Give in to the Dark Side, Luke

Remember, if you screw up — or get screwed — that can be a valuable lesson. However, you will not learn from it unless you fully consider the impact, and repeat it to yourself and others. Remember repletion = learning.

It’s not whining if it is educational.

It can even create moral dilemmas.

One match I sat down against an opponent who was still on tilt due to the last round. He had lost a close game when an opponent drew a bomb, late. Worse yet, his opponent was at one life — and the player had forgotten to attack early in the game.

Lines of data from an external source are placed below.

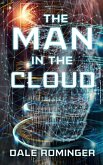 The Man in the Cloud (eBook, ePUB)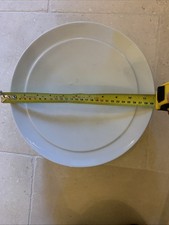 Set of10x Denby 1809 Dinner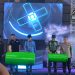 Festival Kopi dan Tembakau Nusantara 2025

It was just an oversight — he was thinking through the next few turns, got distracted by options, and said “go.”

He explained all this — at some length and quite passionately — as we started to play. And, while describing his misplay, he forgot to beat. One turn he didn’t send. The next he left a can’t-block creature at home.

My dilemma was in deciding to tell him what he forgot (I didn’t), and, a turn later, was whether to let him declare the second attacker despite the fact that we were already recording damage (I did — it was a prerelease, after all).

I know several people have written articles about “going on tilt.” It does not win games. When you are playing a game, concentrate on that game, not the one before. That is especially true if you have already lost that game. Obsession on the last game will lose you this game. Of course, when you punt this game, then next game you will stop obsessing about the stupidity of two games ago, and have a new set of stupid plays to obsess on.

Conclusions

All of these techniques are quite good. At the two prereleases I attended, however, I think some techniques were more effective at creating losers than others.

I saw a number of people miss the obvious, but that only occasionally cost them the game.

I saw a couple of people get so distracted by the oddity that they saw in game 1 that they concentrated on that, to the exclusion of actually winning.

I saw too many people play on tilt. They were upset, they whined, they complained, and they paid insufficient attention. They lost.

Of course, adding too many win conditions to the point of diluting your deck had to be the most common. That whole method of losing can be summarized as “building a crappy deck” — and I saw a lot of crappy builds at the prereleases. Not all, by any means, but a lot.

Overall, I enjoyed the prereleases immensely — but then, I never listen to my own advice.